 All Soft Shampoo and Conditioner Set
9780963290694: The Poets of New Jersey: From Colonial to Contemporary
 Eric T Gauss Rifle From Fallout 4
---
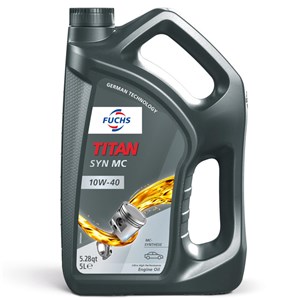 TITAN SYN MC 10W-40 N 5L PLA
==
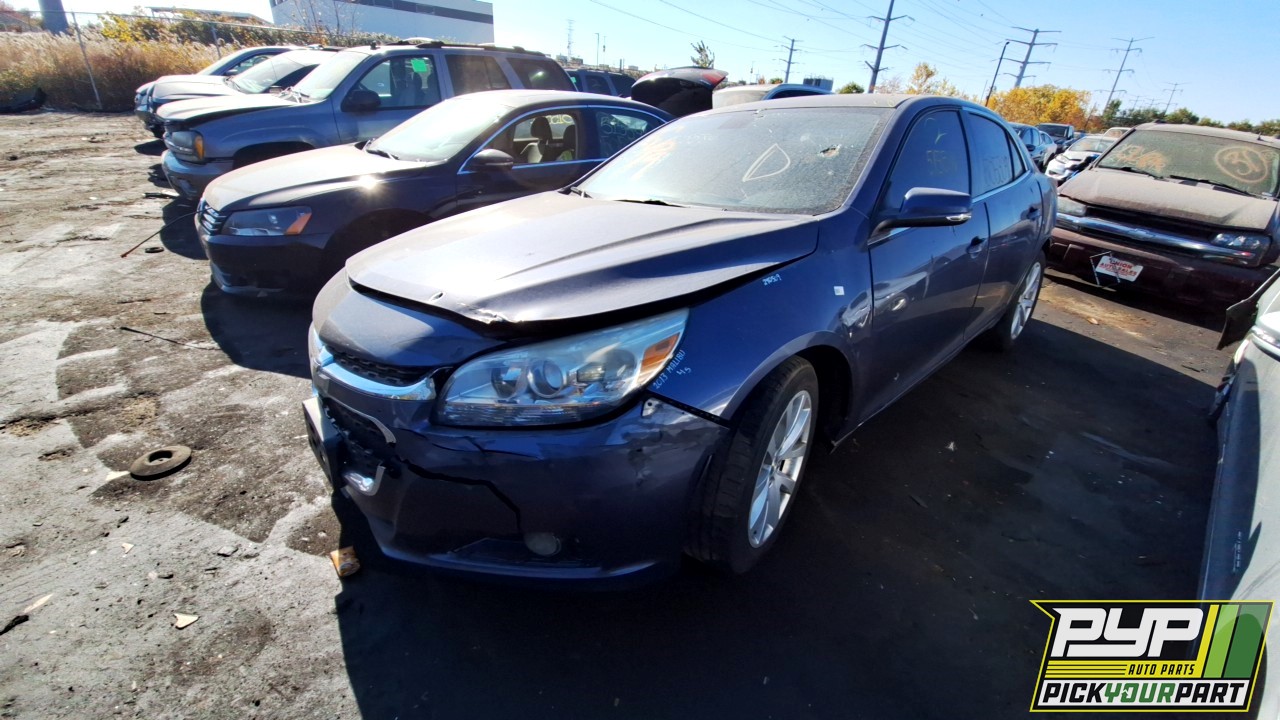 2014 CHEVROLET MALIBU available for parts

BRIEF: Give an exact copy of the lines above from the line with "All Soft Shampoo and Conditioner Set" up to and including the line with "Eric T Gauss Rifle From Fallout 4", and leave everything else out.

THE COMPLETED TASK:
 All Soft Shampoo and Conditioner Set
9780963290694: The Poets of New Jersey: From Colonial to Contemporary
 Eric T Gauss Rifle From Fallout 4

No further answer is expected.